La più rilevante è il blocco di 59 applicazioni internet e di telefonia mobile deciso il 29 giugno dal governo “poiché alla luce delle informazioni disponibili sono coinvolte in attività che pregiudicano la sovranità e l’integrità dell’India, la difesa dell’India, la sicurezza dello Stato e l’ordine pubblico”. “La raccolta di questi dati, la sua estrazione e profilazione da elementi ostili alla sicurezza nazionale e alla difesa dell’India, che alla fine incide sulla sovranità e integrità dell’India, è una questione di profonda e immediata preoccupazione che richiede misure di emergenza”, ha spiegato il ministero della Tecnologia dell’informazione. Non è stato fatto alcun riferimento alla tensione con la Cina e alla proprietà cinese della maggior parte delle applicazioni bloccate, tra le quali alcune molto popolari, come TikTok, Uc Browser, WeChat, Weibo, Baidu Map e Xender. Prevedibilmente l’ambasciata della Cina a Nuova Delhi ha replicato che la misura, “mirata in modo selettivo e discriminatorio a determinate app cinesi per motivi ambigui e inverosimili, si scontra con requisiti di procedura equi e trasparenti, abusa di eccezioni di sicurezza nazionale ed è sospetta di violazione delle norme dell’Organizzazione mondiale del commercio”.

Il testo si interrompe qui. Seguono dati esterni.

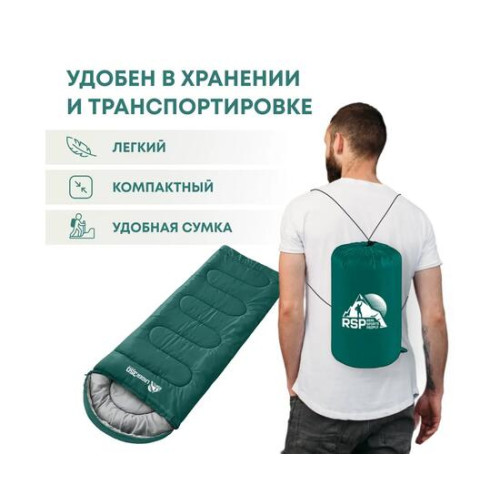 Спальный мешок RSP LAGER 350 зеленый, левая молния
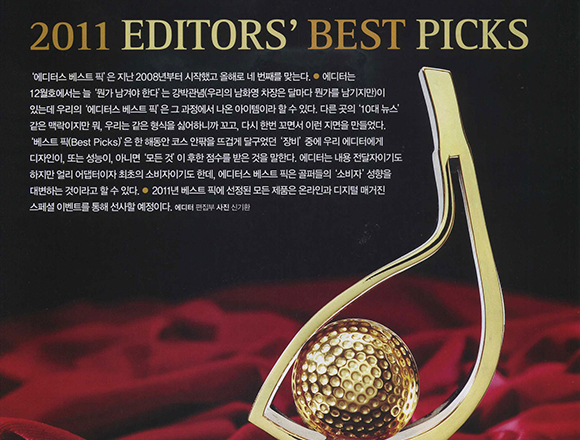 골프다이제스트 선정, PING Golfwear_The Best Golfwear 2011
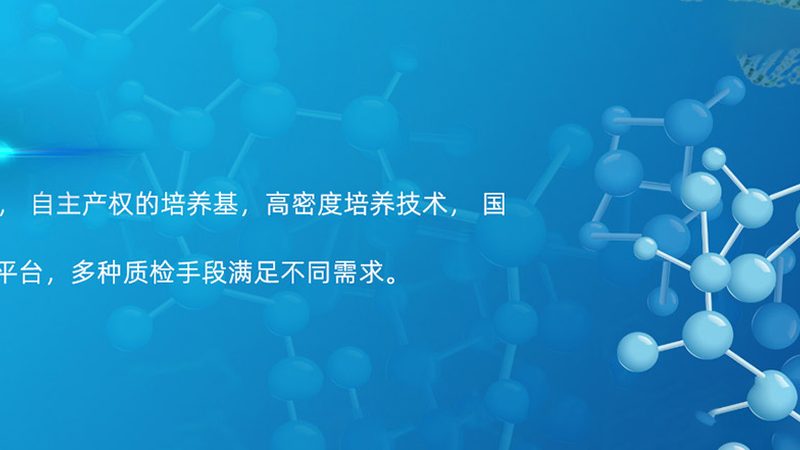 细胞培养代理解析：揭秘细胞培养代数对实验结果的影响**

Quella economica potrebbe essere la “risposta adeguata” che Modi ha assicurato da parte indiana. E il blocco delle app potrebbe essere solo l’inizio. Il ministro dei Trasporti e delle micro, piccole e medie imprese, Nitin Gadkari, ha annunciato che alle compagnie cinesi non sarà consentito di partecipare a futuri progetti autostradali e che saranno escluse le società indiane che costituiscono joint venture con partner cinesi. La limitazione, come ha ammesso lo stesso ministro, è ancora da definire dal punto di vista legale e non si applicherà ai contratti in essere, per evitare contenziosi. Tuttavia, sembra che Nuova Delhi voglia andare al di là degli episodici congelamenti di investimenti o rotture di accordi o ritardi negli sdoganamenti di merci cinesi cui si è avuta notizia nei giorni scorsi.
Nel frattempo, l’India continua ad armarsi. È stato appena firmato un accordo con la Russia per l’acquisto di 33 caccia e per l’ammodernamento di altri 59, un affare da 2,4 miliardi di dollari complessivi, e il ministero della Difesa indiano ha ammesso un’accelerazione nei programmi di armamento dovuta alla necessità di rafforzare la capacità di proteggere i confini e alla strategia del governo, che ha lanciato la Missione per un’India autosufficiente. Nuova Delhi è anche in attesa della consegna della prima partita di 35 caccia Rafale ordinati dalla Francia nel 2016 per un totale di 8,78 miliardi di dollari. I primi sei velivoli dovrebbero arrivare alla fine del mese. L’India è stato il terzo paese del mondo per spesa in acquisti per la difesa l’anno scorso, con 71,1 miliardi di dollari, secondo l’ultimo rapporto del Sipri, lo Stockholm International Peace Research Institute, ma ha davanti proprio la Cina, con 261 miliardi (e gli Stati Uniti con 732). Per la prima volta i due paesi asiatici si sono posizionati fra i primi tre, precedendo la Russia e l’Arabia Saudita. La quota dell’India nella spesa globale è del 3,7 per cento, contro il 14 per cento della Cina, e il 38 per cento degli Stati Uniti.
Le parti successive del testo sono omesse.